Coup de coeur de l'équipe

L'escapade sans retour de Sophie Parent

Sophie Parent en a marre du trafic sur les ponts, de son mari qui l'ignore, de ses ados qui font constamment la moue... Un jour, elle craque. Elle plie bagage et part au Mexique. Mais son escapade au soleil se transformera vite en épopée et elle devra batailler ferme, avec l'aide de gens croisés en chemin, pour redécouvrir qui elle est vraiment. Un roman qui rappelle Mange, prie, aime, d'Elizabeth Gilbert et qui se lit agréablement sur la route des vacances.

L'Escapade sans retour de Sophie Parent, par Mylène Gilbert-Dumas, vlb éditeur, 2011, 345 p., 29,95$.

La réparation

Victime d'intimidation dans une école secondaire privée, une adolescente se suicide. Marie Dumais, journaliste, est envoyée sur place pour écrire une série de reportages sur l'affaire. En rencontrant professeurs, élèves et parents, elle découvrira qui est responsable de la mort de cette jeune génie des maths. Katia Gagnon, journaliste à La Presse, signe ici un premier roman captivant où elle raconte avec empathie la souffrance de ceux qui sont différents.

La Réparation, par Katia Gagnon, Boréal, 2011, 203 p., 22,50$.

Je voudrais qu'on m'efface

La pauvreté et la misère, on les trouve aussi près de chez nous. Et chaque fois qu'on se le rappelle, ça donne froid dans le dos. Dans ce coin d'Hochelaga-Maisonneuve qui ne connaît pas la gentrification, trois préados se côtoient sans se voir. Mélissa, Kevin et Roxane mènent une vie rude auprès de parents alcoolos, paumés ou carrément absents. Avec une plume qui écorche telle la pointe d'un scalpel, la cinéaste Anaïs Barbeau-Lavalette signe une chronique d'où émergent une profonde humanité et une détresse troublante.
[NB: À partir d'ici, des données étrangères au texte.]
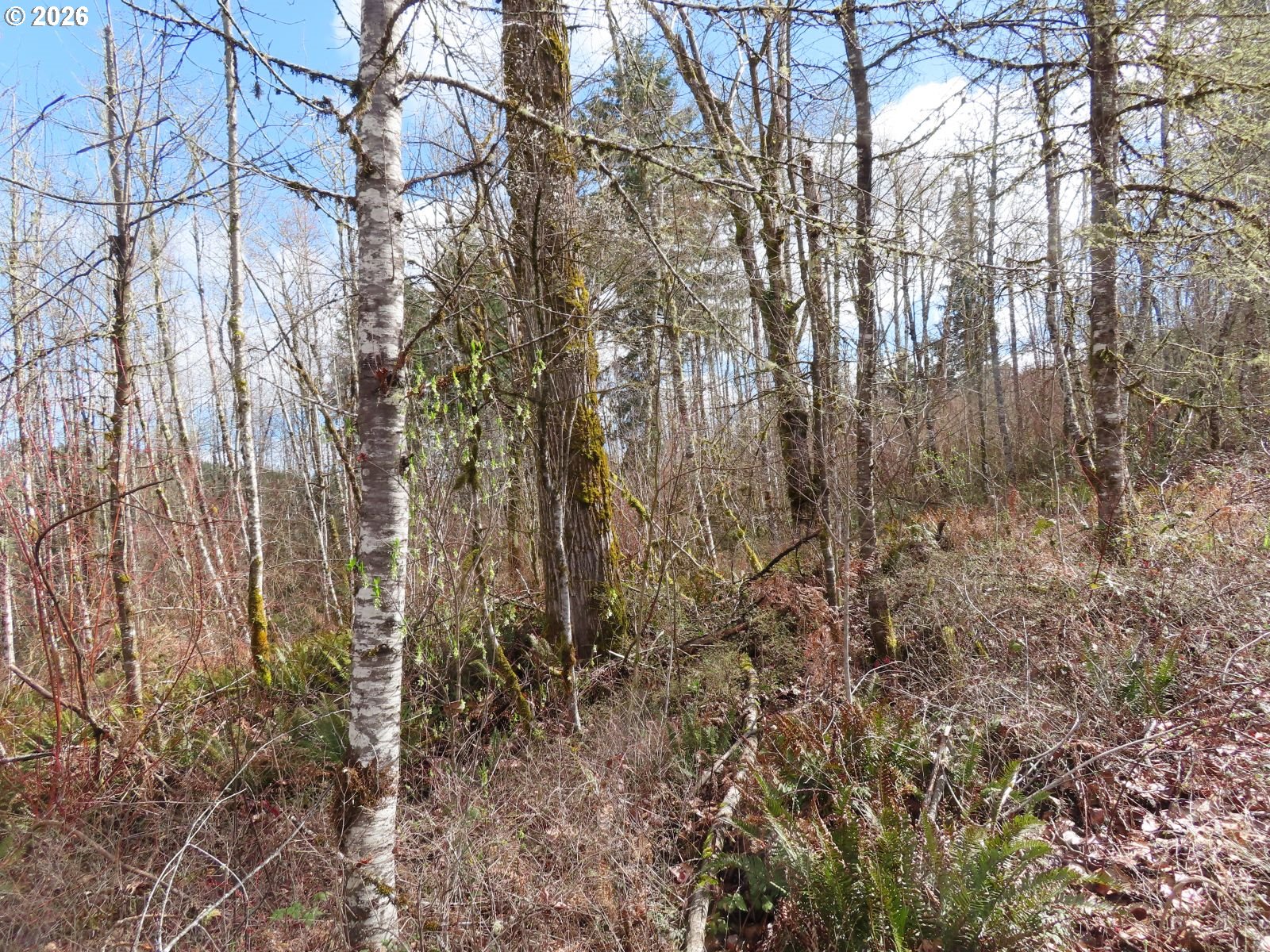 125 Oppelt Road Chehalis, WA 98532 - Photo 15 of 19 a view of a yard with lots of bushes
Je voudrais qu'on m'efface, par Anaïs Barbeau-Lavalette, Hurtubise, 2010, 184 p., 19,95$.

Un si joli visage

Dans la vie de Mary Gooch, il n'y a que deux choses: son mari, Jimmy, et la faim. Une faim omniprésente, sans fond, qui a fait qu'au fil des ans son corps est devenu gigantesque, un véritable rempart entre elle, le monde et le bonheur. Tout va toutefois basculer le jour de son 25e anniversaire de mariage, quand Jimmy disparaît. Pour tenter de le retrouver, Mary devra se mettre en mouvement, établir des liens avec d'autres, sortir de son cocon. Avec beaucoup d'humanité, l'auteure dresse le portrait d'une femme extrêmement attachante et aborde des thèmes auxquels plusieurs pourront s'identifier.
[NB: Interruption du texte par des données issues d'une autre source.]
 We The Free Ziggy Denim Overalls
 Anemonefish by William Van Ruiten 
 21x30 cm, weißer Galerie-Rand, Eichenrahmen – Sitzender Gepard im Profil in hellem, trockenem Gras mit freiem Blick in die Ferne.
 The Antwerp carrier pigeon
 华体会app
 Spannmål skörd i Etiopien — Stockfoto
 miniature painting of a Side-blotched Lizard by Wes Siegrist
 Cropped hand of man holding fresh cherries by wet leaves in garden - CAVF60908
Un si joli visage, par Lori Lansens, Alto, 2011, 572 p., 28,95$.

L'appel de l'ange

Aéroport JFK. Un homme et une femme entrent en collision et échangent sans le savoir leurs téléphones portables. Ils s'en aperçoivent une fois à destination, séparés par 10 000 km. La curiosité l'emporte et chacun explore le contenu du téléphone de l'autre. C'est alors qu'ils découvrent qu'ils sont liés par un secret. À mi-chemin entre la comédie romantique et le thriller, ce roman nous tient en haleine dès les premières pages. Celles qui aiment les bouquins qu'on imagine bien transposés au grand écran seront bien servies.
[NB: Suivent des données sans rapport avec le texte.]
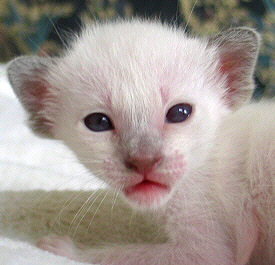 Galiah vom Schloss Charlottenhof 10/04/2004   Foto: Carolin Skirl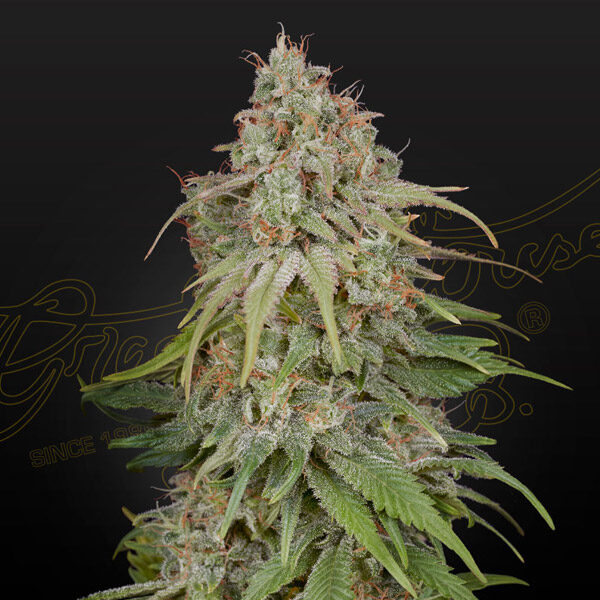 Amnesia feminizada de Green House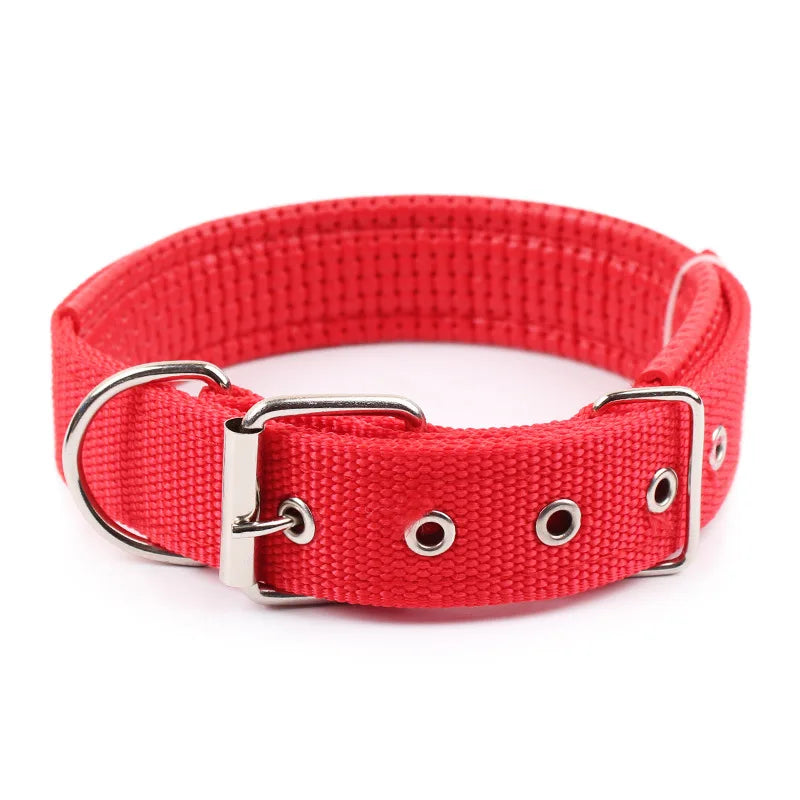 Durable Dog Collars for Small Medium and Large Dogs S - XXL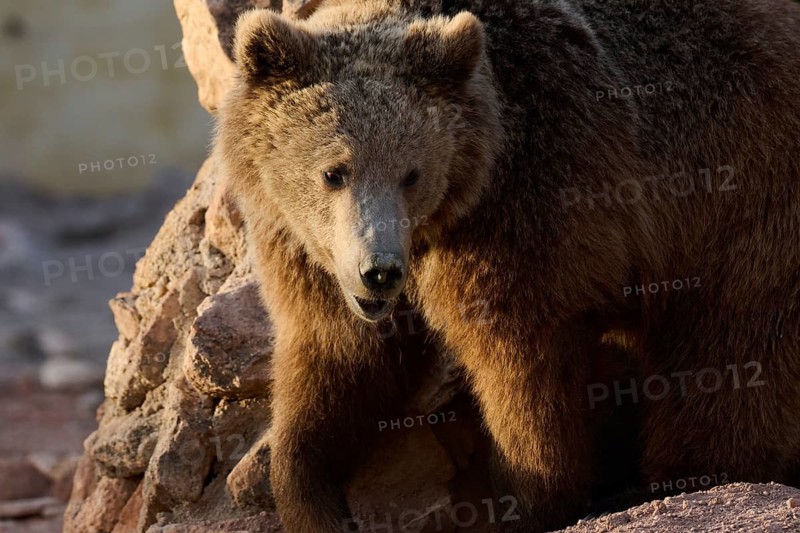 A brown bear stands near a rocky formation, gazing into the distance. Its thick fur is highlighted by the sunlight, capturing the essence of wildlife in its wild sanctuary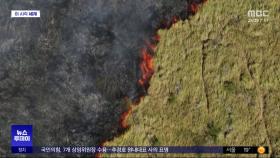 [이 시각 세계] 최대습지 브라질 판타나우, 서울 면적 10배 불타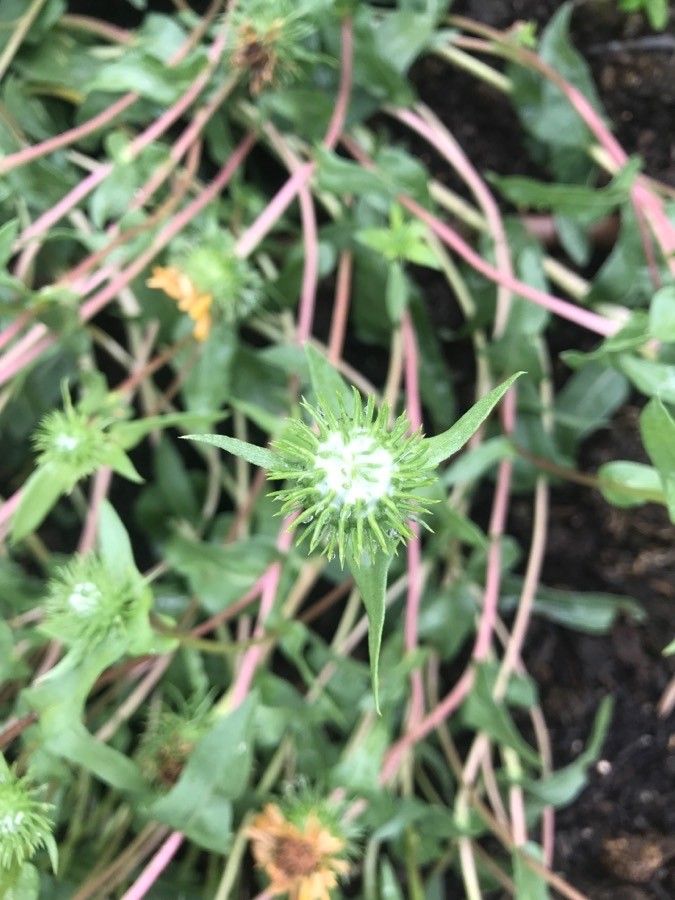 Grindelia integrifolia fruit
L'Appel de l'ange, de Guillaume Musso, Éditions XO, 2011, 398 p., 29,95$.

Rosa candida

Arnlijotur, un Islandais dans la vingtaine, quitte le nid familial pour aller planter une variété de rose rare dans la roseraie d'un monastère perdu. C'était un souhait de sa mère adorée, décédée dans un accident de voiture. Avec les précieuses boutures et une photo de sa fille (née d'une histoire d'un soir avec l'amie d'un ami) dans ses bagages, Arnlijotur partira, sans trop le savoir, à la recherche de réponses sur la vie, la mort, l'amour et la paternité. Un roman tout doux, très touchant, rempli de tendresse et de sourires.

Rosa Candida, par Audur Ava Olafsdottir, Zulma, 2010, 336 p., 29,95$.